Our goals for migration were a good user experience, providing support to our customers, and a seamless migration with minimal production interruptions. To achieve these objectives, we defined the following process:

Freezing the V1 DAG from any further code changes.
Run our flowcli command, which creates a new DAG in Python 3 with most of the changes necessary for migration.
Then our Job Access Manager tool is run which extracts access permissions of the V1 DAG’s service account(s), and creates a dedicated service account for the new DAG with trimmed access permissions.
The new DAG is tested on our remote Airflow instance to make sure that it works and the render comparison is the same.
A PR is created, approved and merged to the main branch.
The V1 DAG is turned off and the V2 DAG is turned on.

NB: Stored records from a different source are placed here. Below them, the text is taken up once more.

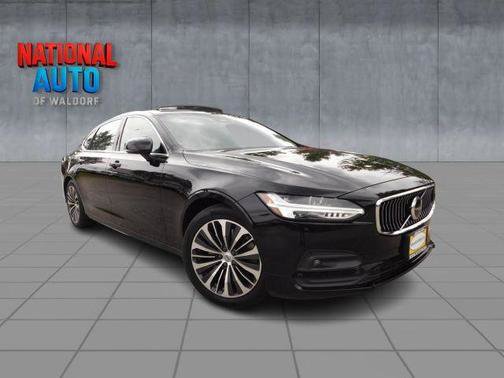 Used 2022 Volvo S90 B6 Momentum AWD/4WD image 1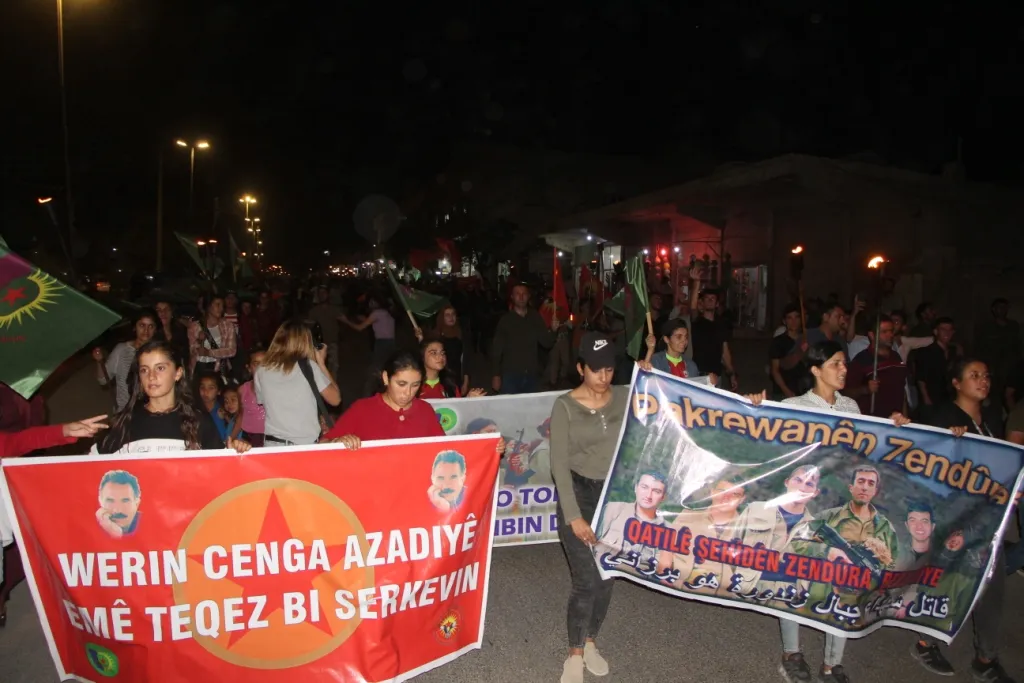 Bi meşeke meşaleyî ciwanan xiyaneta PDK`ê şermezar kir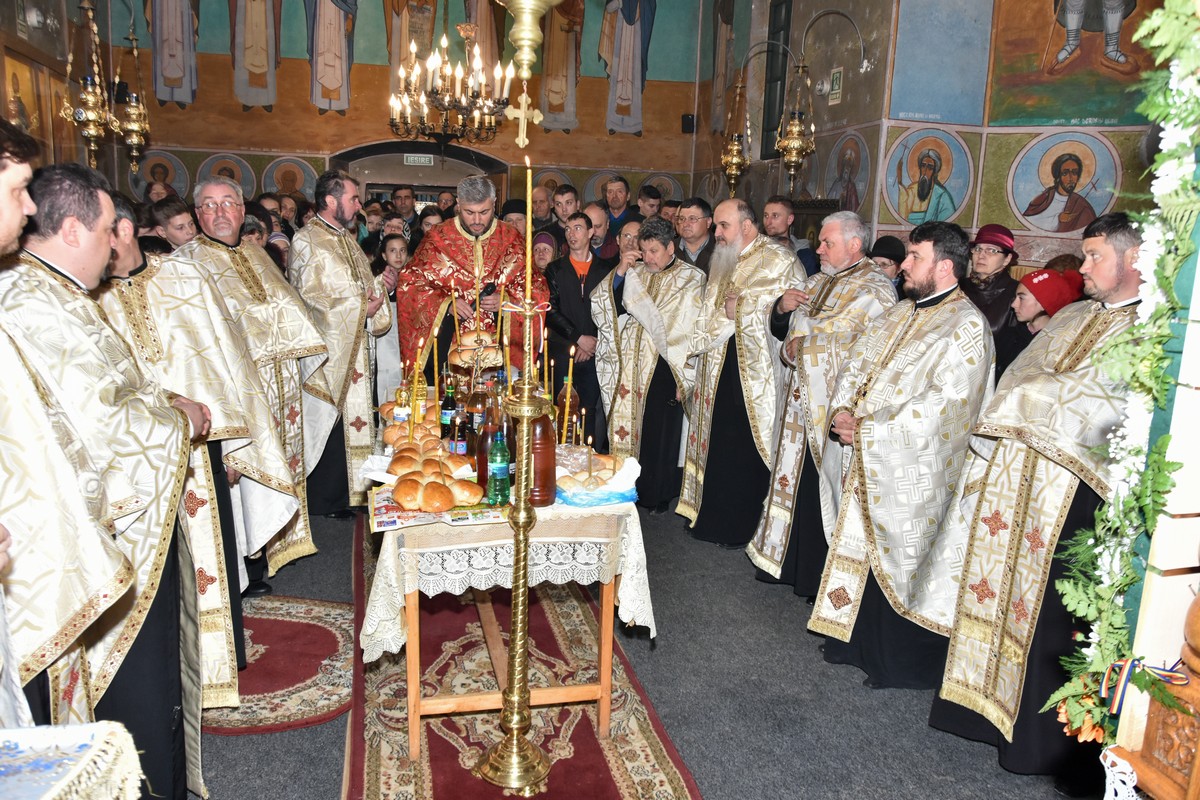 Monografia Parohiei Bădeni, lansată în ajunul hramului Monografia Parohiei Bădeni, lansată în ajunul hramului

As we moved more and more customers to the new Airflow, we continually sought ways to accelerate and improve the migration experience. One of our engineering colleagues — Jun Gao — invented a clever method for fast-tracking the migration of specific DAGs which had a more simple structure and operators. We called this new process and tooling “auto-gen DAGs”. An example of these simplifications is that the DAGs are “flattened” (for loops that generate tasks are converted into static tasks). This process involves three Python scripts and Airflow V2 DAG task code templates. The first two scripts collect the V1 DAG metadata, while the V2 RBAC policy creator script is used to create the RBAC policy for the DAG. The V2 Code Generator ingests the metadata and task code templates to create the V2 code DAG files. The final product is a working DAG which is provisioned with all the needed permissions and access policy to run correctly from the start. This works well for simpler DAGs with not much custom logic, and was applicable to around 40% of the DAGs we had to migrate, shortening migration time from 40 to 5 minutes on average.

Three Takeaways

To summarize our project, there are three main areas where we performed a significant uplift of the Airflow platform at Snap. Our infrastructure was converted from many independent clusters to one multi-tenant cluster, and we created a dedicated remote server for DAG testing and backfill operations. In the security domain, we deployed RBAC in front of the Airflow UI and to control DAG service account access. To maximize DAG execution isolation we enforce one service account per DAG, which is mapped to the Kubernetes pod workload identity. And finally, we enabled static analysis of DAG code for security vulnerabilities. For DAG migrations, we focused on customer experience and maximum automation. We maintained flexibility in our approach for different customers, taking into account their constraints and the current business environment. We also obtained executive support in case of pushback. Through all these efforts, we were able to address all of our requirements by transforming Airflow into a performant, scalable and secure enterprise-grade system, which will be a strong foundation for data and ML technologies at Snap in the future.